▶ Problem statement
An exact copy of each record is required.

::: Task input

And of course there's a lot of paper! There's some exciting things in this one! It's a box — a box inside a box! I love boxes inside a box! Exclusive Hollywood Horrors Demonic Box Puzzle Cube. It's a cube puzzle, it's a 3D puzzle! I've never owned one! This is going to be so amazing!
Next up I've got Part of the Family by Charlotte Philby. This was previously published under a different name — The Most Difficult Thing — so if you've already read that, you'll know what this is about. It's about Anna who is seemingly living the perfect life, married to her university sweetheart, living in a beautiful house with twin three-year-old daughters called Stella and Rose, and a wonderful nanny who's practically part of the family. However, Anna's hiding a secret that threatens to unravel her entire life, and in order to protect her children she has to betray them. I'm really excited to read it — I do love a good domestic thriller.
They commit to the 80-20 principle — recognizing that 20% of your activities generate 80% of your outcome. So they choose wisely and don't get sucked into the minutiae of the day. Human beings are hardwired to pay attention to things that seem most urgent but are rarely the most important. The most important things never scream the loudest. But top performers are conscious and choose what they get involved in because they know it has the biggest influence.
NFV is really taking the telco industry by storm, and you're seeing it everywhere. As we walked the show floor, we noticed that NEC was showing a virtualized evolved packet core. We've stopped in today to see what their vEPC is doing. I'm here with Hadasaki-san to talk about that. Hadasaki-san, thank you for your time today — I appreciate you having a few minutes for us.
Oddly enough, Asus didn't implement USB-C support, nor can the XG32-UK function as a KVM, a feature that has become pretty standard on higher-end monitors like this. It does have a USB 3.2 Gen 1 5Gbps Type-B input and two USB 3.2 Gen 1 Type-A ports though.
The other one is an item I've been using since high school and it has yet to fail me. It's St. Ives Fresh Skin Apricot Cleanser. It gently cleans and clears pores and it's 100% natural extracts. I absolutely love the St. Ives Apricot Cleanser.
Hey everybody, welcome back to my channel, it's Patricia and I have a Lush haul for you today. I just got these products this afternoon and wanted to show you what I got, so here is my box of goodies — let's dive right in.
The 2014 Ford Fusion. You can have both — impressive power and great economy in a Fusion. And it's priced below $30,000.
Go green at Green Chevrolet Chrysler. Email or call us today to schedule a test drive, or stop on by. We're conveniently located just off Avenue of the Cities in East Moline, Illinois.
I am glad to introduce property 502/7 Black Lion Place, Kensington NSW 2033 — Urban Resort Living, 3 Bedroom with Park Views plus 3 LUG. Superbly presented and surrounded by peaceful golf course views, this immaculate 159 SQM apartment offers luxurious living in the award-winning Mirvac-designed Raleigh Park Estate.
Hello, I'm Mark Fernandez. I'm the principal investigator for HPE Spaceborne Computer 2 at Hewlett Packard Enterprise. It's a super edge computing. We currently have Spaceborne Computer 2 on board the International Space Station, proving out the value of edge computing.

::::::

▶ Response
And of course there's a lot of paper! There's some exciting things in this one! It's a box — a box inside a box! I love boxes inside a box! Exclusive Hollywood Horrors Demonic Box Puzzle Cube. It's a cube puzzle, it's a 3D puzzle! I've never owned one! This is going to be so amazing!
Next up I've got Part of the Family by Charlotte Philby. This was previously published under a different name — The Most Difficult Thing — so if you've already read that, you'll know what this is about. It's about Anna who is seemingly living the perfect life, married to her university sweetheart, living in a beautiful house with twin three-year-old daughters called Stella and Rose, and a wonderful nanny who's practically part of the family. However, Anna's hiding a secret that threatens to unravel her entire life, and in order to protect her children she has to betray them. I'm really excited to read it — I do love a good domestic thriller.
They commit to the 80-20 principle — recognizing that 20% of your activities generate 80% of your outcome. So they choose wisely and don't get sucked into the minutiae of the day. Human beings are hardwired to pay attention to things that seem most urgent but are rarely the most important. The most important things never scream the loudest. But top performers are conscious and choose what they get involved in because they know it has the biggest influence.
NFV is really taking the telco industry by storm, and you're seeing it everywhere. As we walked the show floor, we noticed that NEC was showing a virtualized evolved packet core. We've stopped in today to see what their vEPC is doing. I'm here with Hadasaki-san to talk about that. Hadasaki-san, thank you for your time today — I appreciate you having a few minutes for us.
Oddly enough, Asus didn't implement USB-C support, nor can the XG32-UK function as a KVM, a feature that has become pretty standard on higher-end monitors like this. It does have a USB 3.2 Gen 1 5Gbps Type-B input and two USB 3.2 Gen 1 Type-A ports though.
The other one is an item I've been using since high school and it has yet to fail me. It's St. Ives Fresh Skin Apricot Cleanser. It gently cleans and clears pores and it's 100% natural extracts. I absolutely love the St. Ives Apricot Cleanser.
Hey everybody, welcome back to my channel, it's Patricia and I have a Lush haul for you today. I just got these products this afternoon and wanted to show you what I got, so here is my box of goodies — let's dive right in.
The 2014 Ford Fusion. You can have both — impressive power and great economy in a Fusion. And it's priced below $30,000.
Go green at Green Chevrolet Chrysler. Email or call us today to schedule a test drive, or stop on by. We're conveniently located just off Avenue of the Cities in East Moline, Illinois.
I am glad to introduce property 502/7 Black Lion Place, Kensington NSW 2033 — Urban Resort Living, 3 Bedroom with Park Views plus 3 LUG. Superbly presented and surrounded by peaceful golf course views, this immaculate 159 SQM apartment offers luxurious living in the award-winning Mirvac-designed Raleigh Park Estate.
Hello, I'm Mark Fernandez. I'm the principal investigator for HPE Spaceborne Computer 2 at Hewlett Packard Enterprise. It's a super edge computing. We currently have Spaceborne Computer 2 on board the International Space Station, proving out the value of edge computing.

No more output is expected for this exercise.